In F.R., this Court held two statutes were unconstitutional as applied to F.R. and Raynor when they imposed new obligations and duties on them solely as a result of their prior sex offense convictions, and their failure to perform these new duties and obligations carried criminal penalties. F.R., 301 S.W.3d at 66. The first statute imposed upon F.R. a duty to determine whether the residence to which he wished to move was within 1,000 feet of a school or day care facility. Id. at 63. This obligation was imposed on F.R. years after his conviction and required his performance under threat of criminal penalty. Id. The second statute imposed four obligations or duties upon Raynor to be carried out on Halloween, which included: (1) avoiding contact with children; (2) remaining inside his residence; (3) posting a sign on his door; and (4) leaving his light off. Id. Like F.R., these obligations were imposed years after Raynor's conviction and required him to perform or be subjected to criminal penalties. Id. The Court found the challenged statutes “simply impose new obligations or duties on F.R. and Raynor, giving new legal effect to their prior convictions” and accordingly, were retrospective when applied to them. Id.
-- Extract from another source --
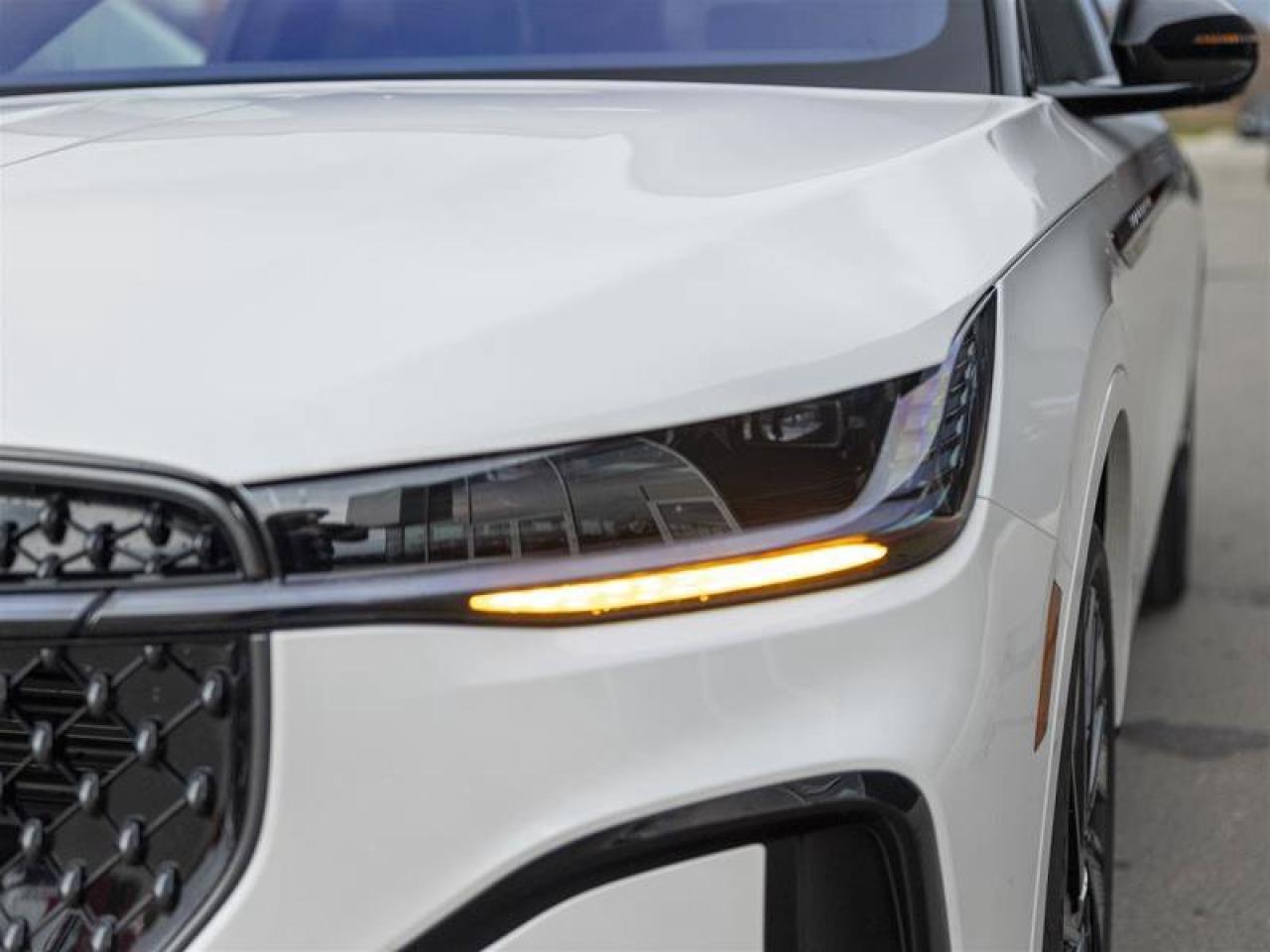 2024 Lincoln Nautilus Reserve White Photo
This Court was mindful of the difficulties in distinguishing “the retroactive effect of this law from the ordinary regulatory actions that may take into account past conduct or past conditions in providing current or prospective regulation.” Id. Further, this Court recognized a slippery slope wherein “it could be well claimed that no statute could be enacted imposing new duties upon or giving new privileges or rights to a person already born ... [or] to a corporation already created.” Id. at 64 (quoting Squaw Creek Drainage Dist. v. Turney, 235 Mo. 80, 138 S.W. 12, 16 (1911)).

Young's argument attempts to go down this slippery slope. Section 115.350 does not impose any new obligation or duty on Young because he has no affirmative obligation to take any action whatsoever to comply with section 115.350. Cf. F.R.,; Doe v. Phillips, 194 S.W.3d at 852 (statute that imposed a new obligation and duty on sex offenders to register, maintain, and update registration based solely on their offenses prior to the statute's enactment was retrospective in operation). Moreover, “[a] statute is not retrospective or retroactive because it relates to prior facts or transactions but does not change their legal effect, or because some of the requisites for its action are drawn from a

[362 S.W.3d 392]

time antecedent to its passage, or because it fixes the status of an entity for purpose of its operation.” Jackson v. Members of Missouri Bd. of Probation & Parole, 301 S.W.3d 71, 71–72 (Mo. banc 2010) (quoting Jerry–Russell Bliss v. Hazardous Waste, 702 S.W.2d 77, 81 (Mo. banc 1985)). While section 115.350 relates to Young's 1995 conviction and forecloses his ability to qualify to run for office, its operation does not change the legal effect of his conviction.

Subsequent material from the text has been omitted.